Meer dan vijftig vrouwen in Oost-Congo beschuldigen medewerkers van de Wereldgezondheidsorganisatie (WHO) en andere hulporganisaties van seksuele uitbuiting tijdens de recente ebola-uitbraak. De WHO heeft een intern onderzoek aangekondigd.
De vrouwen zeggen dat zij onder druk werden gezet om seks te hebben in ruil voor werk bij de hulpverlenende instanties. De aantijgingen zijn naar buiten gebracht door de website The New Humanitarian, een non-profit nieuwsorganisatie die vaak bericht over ontwikkelingslanden, en persbureau Reuters.
In totaal zouden 51 vrouwen seksueel zijn misbruikt door veelal buitenlandse hulpverleners. De mannen komen volgens de berichtgeving uit onder meer België, Frankrijk, Burkina Faso en Ivoorkust. De meeste beschuldigingen richten zich op personeel van de WHO, dat een leidende rol speelde in de bestrijding van de ebola-uitbraak rond de steden Beni en Butembo. Een andere VN-organisatie, Unicef, wordt ook in verband gebracht met het gemelde misbruik. De secretaris-generaal van de VN, António Guterres, schaart zich achter een diepgaand onderzoek.

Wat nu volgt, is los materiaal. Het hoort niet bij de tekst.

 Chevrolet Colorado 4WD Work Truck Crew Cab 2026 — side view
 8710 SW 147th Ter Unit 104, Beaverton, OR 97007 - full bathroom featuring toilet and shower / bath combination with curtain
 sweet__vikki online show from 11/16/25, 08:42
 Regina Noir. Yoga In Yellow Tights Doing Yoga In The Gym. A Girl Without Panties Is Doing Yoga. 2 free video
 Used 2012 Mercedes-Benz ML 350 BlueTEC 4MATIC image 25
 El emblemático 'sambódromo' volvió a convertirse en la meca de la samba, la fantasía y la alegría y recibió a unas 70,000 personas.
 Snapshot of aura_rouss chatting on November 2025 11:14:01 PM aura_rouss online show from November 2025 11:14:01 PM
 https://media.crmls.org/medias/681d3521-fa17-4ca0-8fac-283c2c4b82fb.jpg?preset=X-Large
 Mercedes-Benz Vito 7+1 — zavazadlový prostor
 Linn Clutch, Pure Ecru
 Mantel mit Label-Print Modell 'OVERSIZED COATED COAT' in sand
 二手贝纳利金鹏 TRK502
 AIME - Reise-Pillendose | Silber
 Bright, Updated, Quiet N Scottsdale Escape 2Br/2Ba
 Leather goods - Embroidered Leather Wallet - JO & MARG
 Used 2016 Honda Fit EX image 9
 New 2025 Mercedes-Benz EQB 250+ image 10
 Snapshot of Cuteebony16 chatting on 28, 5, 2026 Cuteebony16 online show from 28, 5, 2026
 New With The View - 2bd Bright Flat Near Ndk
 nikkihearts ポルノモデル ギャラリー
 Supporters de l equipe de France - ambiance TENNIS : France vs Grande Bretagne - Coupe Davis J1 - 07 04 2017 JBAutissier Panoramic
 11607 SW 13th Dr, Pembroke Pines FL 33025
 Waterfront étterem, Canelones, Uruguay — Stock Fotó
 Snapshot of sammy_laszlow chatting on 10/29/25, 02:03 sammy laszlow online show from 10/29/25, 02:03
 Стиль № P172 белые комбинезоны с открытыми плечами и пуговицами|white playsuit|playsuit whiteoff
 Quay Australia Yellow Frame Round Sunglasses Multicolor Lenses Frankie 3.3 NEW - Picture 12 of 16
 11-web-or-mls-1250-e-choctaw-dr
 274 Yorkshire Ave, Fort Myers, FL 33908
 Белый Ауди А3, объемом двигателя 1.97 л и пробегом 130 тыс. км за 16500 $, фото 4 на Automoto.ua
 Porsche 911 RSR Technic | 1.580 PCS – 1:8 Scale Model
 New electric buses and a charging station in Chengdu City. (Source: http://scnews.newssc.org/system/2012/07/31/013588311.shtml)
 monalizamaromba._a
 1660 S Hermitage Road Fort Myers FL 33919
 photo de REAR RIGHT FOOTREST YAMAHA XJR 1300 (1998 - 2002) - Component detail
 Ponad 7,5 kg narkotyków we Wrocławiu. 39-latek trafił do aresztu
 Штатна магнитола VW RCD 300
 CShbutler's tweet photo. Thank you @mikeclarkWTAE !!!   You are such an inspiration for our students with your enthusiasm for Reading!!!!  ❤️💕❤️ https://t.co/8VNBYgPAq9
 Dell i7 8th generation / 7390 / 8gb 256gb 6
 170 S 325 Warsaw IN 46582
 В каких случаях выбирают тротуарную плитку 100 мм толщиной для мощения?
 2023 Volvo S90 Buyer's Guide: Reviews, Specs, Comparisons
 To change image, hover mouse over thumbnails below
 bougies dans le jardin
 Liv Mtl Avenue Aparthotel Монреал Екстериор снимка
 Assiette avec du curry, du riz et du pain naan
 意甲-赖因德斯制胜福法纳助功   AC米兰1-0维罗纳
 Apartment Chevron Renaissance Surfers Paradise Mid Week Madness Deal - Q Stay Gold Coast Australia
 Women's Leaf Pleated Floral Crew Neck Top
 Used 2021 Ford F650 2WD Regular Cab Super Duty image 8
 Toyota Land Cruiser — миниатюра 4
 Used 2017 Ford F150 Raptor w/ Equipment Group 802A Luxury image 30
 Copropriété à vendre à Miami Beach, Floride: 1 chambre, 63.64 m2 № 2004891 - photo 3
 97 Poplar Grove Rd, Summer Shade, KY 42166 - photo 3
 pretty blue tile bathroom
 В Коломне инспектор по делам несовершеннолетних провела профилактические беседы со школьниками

Seksuele uitbuiting is een terugkerend probleem in arme landen waar humanitaire crises heersen. Vrouwen zijn in zulke situaties vaak extra kwetsbaar. De WHO heeft sinds 2017 tien onderzoeken verricht naar (vermeend) seksueel misbruik door haar eigen medewerkers, in diverse landen. In Oost-Congo is ook de militaire missie van de VN, Monusco, herhaaldelijk in opspraak geraakt door seksueel misbruik.